++++ Task input ++++

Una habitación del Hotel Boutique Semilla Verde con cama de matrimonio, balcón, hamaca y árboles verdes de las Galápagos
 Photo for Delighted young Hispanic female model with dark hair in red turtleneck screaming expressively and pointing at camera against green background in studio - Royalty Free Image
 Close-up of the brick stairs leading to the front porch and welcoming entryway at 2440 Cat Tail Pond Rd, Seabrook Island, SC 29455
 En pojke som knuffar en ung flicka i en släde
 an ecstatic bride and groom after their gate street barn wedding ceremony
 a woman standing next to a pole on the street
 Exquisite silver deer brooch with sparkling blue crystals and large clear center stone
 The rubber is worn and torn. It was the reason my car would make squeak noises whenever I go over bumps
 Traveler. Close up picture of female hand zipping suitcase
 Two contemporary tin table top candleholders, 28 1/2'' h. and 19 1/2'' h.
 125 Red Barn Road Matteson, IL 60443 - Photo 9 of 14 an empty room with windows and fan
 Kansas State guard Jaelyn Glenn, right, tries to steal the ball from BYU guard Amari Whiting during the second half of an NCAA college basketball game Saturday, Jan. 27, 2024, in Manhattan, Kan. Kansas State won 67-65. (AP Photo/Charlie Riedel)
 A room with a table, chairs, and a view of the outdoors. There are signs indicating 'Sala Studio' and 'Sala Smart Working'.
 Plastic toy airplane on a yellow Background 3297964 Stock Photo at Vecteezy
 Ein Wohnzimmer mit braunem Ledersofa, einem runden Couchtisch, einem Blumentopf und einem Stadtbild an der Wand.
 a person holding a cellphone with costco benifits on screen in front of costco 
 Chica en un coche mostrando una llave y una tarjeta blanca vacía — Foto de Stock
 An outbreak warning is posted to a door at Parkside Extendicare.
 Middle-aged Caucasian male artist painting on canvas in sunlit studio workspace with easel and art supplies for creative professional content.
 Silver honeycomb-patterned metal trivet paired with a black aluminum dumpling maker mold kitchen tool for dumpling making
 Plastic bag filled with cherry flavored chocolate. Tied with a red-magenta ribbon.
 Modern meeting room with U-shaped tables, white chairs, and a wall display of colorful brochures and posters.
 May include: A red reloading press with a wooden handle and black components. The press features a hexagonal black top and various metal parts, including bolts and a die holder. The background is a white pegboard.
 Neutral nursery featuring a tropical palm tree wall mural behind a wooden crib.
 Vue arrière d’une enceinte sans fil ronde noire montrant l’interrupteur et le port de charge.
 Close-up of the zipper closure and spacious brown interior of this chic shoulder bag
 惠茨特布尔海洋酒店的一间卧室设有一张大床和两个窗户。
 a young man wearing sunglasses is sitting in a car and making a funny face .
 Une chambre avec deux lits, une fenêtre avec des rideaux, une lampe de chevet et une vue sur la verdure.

++++

:: Requirement ::
Show each line of the material where the word "metal" occurs.

:: Result of this exercise ::
 Silver honeycomb-patterned metal trivet paired with a black aluminum dumpling maker mold kitchen tool for dumpling making
 May include: A red reloading press with a wooden handle and black components. The press features a hexagonal black top and various metal parts, including bolts and a die holder. The background is a white pegboard.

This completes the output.